The only death I’ve yet to seen up until now was my Grandpa’s when I was eight
Everyone bundled up and held each other’s hands, forming the seas with their tears as i stood confused...
If my family represents every single volcano in the Hawaiian Archipelago, there will be no such thing as “Alohas!” for the a, l, and o has been burnt and the ‘has’ within possessions are no longer there - all else is mixed up into ‘ash’

These tires are tired, and they have tried
For how can calm waters burst, and how can mountains move
Wars that ended in blame started with something to prove

With us, it has always been a knot in the strings of the phones we made out of cans or a branch that fell between our separate tree houses. Tree houses with uncombed roots that has trampled us to where we are now.

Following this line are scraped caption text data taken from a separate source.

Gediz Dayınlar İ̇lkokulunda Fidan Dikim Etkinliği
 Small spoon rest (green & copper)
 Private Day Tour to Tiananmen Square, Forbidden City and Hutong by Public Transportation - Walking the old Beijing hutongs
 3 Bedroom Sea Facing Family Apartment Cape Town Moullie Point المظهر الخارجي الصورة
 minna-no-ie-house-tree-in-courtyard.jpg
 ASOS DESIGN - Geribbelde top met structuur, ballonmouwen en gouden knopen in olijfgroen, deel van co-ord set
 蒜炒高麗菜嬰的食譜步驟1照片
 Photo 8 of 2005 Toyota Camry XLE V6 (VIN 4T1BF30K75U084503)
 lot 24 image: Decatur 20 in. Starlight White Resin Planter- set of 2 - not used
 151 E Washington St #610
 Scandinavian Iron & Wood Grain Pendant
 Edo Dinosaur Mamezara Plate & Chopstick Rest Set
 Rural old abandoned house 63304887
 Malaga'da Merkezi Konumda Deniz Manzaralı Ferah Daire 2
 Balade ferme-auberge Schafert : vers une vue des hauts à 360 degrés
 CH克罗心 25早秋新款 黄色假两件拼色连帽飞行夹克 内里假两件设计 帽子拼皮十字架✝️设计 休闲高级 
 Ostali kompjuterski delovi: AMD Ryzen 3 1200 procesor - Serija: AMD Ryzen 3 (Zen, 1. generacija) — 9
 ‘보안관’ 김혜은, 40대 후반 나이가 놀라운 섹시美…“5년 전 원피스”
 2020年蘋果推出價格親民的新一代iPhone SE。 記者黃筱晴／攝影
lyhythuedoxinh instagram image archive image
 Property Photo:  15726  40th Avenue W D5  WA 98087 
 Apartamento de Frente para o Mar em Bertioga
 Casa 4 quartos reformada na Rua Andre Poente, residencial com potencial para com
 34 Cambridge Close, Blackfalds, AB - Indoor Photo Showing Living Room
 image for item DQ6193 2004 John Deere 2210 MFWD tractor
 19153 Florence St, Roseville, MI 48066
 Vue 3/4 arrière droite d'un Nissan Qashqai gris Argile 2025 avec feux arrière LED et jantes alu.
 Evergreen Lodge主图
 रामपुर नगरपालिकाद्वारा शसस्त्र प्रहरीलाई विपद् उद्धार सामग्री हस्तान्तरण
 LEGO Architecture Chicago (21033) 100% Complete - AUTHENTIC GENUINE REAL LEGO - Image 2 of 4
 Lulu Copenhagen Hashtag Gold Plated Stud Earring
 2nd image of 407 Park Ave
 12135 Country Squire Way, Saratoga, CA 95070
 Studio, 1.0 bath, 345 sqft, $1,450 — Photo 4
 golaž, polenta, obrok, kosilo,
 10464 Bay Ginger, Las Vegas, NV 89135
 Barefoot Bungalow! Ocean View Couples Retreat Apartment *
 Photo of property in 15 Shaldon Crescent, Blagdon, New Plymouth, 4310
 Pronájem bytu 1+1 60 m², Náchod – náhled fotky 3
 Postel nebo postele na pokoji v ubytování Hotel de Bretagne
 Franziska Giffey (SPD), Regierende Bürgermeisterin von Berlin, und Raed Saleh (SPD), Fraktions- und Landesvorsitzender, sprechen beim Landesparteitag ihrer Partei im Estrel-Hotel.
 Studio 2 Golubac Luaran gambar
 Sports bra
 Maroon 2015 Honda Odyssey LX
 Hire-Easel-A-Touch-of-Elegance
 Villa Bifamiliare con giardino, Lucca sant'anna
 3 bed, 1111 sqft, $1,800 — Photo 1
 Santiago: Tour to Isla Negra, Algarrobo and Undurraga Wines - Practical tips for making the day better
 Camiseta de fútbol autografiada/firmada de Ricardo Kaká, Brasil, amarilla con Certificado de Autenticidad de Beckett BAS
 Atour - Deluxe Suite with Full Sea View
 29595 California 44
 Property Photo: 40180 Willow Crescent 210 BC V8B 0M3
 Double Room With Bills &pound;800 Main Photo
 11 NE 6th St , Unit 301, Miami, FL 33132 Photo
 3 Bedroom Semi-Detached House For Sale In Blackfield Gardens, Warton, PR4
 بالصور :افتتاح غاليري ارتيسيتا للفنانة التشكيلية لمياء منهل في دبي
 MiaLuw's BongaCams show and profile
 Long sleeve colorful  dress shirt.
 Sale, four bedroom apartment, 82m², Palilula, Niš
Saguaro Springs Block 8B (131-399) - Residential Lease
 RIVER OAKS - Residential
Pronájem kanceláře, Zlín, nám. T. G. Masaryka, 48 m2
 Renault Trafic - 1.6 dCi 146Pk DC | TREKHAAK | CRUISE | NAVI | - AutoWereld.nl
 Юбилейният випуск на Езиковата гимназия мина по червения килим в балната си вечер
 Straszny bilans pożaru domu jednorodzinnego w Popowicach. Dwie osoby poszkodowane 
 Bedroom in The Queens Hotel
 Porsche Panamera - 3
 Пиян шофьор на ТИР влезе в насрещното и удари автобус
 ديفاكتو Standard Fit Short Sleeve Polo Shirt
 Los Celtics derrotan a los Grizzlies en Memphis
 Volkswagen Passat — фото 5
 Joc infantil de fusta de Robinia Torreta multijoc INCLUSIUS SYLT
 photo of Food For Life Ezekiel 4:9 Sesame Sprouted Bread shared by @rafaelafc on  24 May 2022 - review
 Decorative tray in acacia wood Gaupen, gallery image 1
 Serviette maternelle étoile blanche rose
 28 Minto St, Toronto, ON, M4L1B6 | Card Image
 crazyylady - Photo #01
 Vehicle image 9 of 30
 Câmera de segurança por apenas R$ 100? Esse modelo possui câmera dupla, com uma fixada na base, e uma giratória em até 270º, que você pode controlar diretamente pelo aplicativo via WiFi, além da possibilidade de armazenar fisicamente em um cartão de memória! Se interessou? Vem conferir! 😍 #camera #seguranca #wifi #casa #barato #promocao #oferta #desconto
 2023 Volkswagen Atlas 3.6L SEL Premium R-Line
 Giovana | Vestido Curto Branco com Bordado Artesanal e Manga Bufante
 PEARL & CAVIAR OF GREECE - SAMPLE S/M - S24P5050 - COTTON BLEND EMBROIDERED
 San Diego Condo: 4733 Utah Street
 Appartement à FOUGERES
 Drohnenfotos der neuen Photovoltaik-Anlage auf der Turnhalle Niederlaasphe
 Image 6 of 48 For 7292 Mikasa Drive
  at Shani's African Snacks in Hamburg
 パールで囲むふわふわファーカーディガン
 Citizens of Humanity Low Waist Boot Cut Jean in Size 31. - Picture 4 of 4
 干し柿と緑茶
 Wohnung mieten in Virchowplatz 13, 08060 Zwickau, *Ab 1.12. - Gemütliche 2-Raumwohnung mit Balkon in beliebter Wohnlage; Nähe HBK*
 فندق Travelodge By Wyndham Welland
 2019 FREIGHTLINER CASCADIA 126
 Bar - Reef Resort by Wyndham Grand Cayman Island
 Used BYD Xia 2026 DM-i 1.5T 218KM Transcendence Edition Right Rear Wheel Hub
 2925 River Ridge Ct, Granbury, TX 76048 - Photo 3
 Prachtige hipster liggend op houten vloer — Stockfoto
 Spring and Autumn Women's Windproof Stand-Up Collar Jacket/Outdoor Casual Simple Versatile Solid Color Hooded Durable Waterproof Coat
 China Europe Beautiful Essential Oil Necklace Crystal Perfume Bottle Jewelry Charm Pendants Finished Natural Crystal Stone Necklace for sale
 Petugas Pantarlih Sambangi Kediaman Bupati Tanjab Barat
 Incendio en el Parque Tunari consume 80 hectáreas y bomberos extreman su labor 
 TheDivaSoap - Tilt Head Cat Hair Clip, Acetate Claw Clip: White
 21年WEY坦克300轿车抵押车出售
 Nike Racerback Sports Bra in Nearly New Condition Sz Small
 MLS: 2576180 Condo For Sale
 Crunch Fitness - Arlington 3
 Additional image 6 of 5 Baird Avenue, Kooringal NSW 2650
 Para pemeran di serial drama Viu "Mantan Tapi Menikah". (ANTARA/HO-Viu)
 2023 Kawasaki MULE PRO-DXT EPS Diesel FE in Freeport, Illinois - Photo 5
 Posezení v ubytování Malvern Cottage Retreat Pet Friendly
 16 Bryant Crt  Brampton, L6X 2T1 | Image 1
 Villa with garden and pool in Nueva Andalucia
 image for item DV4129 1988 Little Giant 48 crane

We promised to not retrace a single more, but if only wars were settled this easy.

Wednesday, 7 January 2015

A Certain Romance

I crawled back into the position of a fetus
With eyes glued shut as i remembered the days spent floating in wombs
Snivelling in hopes that all else would dissolve and wash away
In the actual patter of what's left of the dusk's tears
In the actual matter of what's left of all my fears

You back there persistently asked for the time,
As if you saw him came in and swoop our precious hours
Well, he needs to know that panic in me was the filter of a zombie movie, and all else was melting
All i knew was how time said that this was a search for greater beings and also hippies
All i knew was how all else was real, and if lucidity was our God, emotions are our deities

Would you please stop biting my head? I'm already as black and blue as the night herself
How many times do i have to tell you that you're not a puppy anymore?
You almost jumped from the balcony, I couldn't tell the difference between condiments & ichor
I pulled myself together but you were about to pull the fridge up to the second floor,
And for over too many onomatopoeias, you ran yourself against everything else and the door.

Who else should i balderdash for sanity? What more gobbledygook can my muzzle utter?
That the square in our mouth unleashed the Tartarus caged in you? That you are now merely the naked puppet of your actual deep slumber?
That you pranced on all loved ceramics, books, and dairy products whilst holding Nataraja in your hands?
That love was unlike other drugs? Despite it all, i lull you in words that will never ever come close to goodbye.
That love is quite like every other drug there is? making you wish for a restart towards your
checkpoint in every blink of an eye.

And by the standing of the ticking clock, time surged to slap you into coherence
The dominos fall along, as all the balderdash falter, yet all the rubbish wasn't in its place
Our love meant differently whilst under intoxication, but our chemistry remains
You were making grass angels within, while i was grasping a rain check waiting for the angels to actually come by
As deep within the chaos of my heart you found your serendipity in all your favourite ties.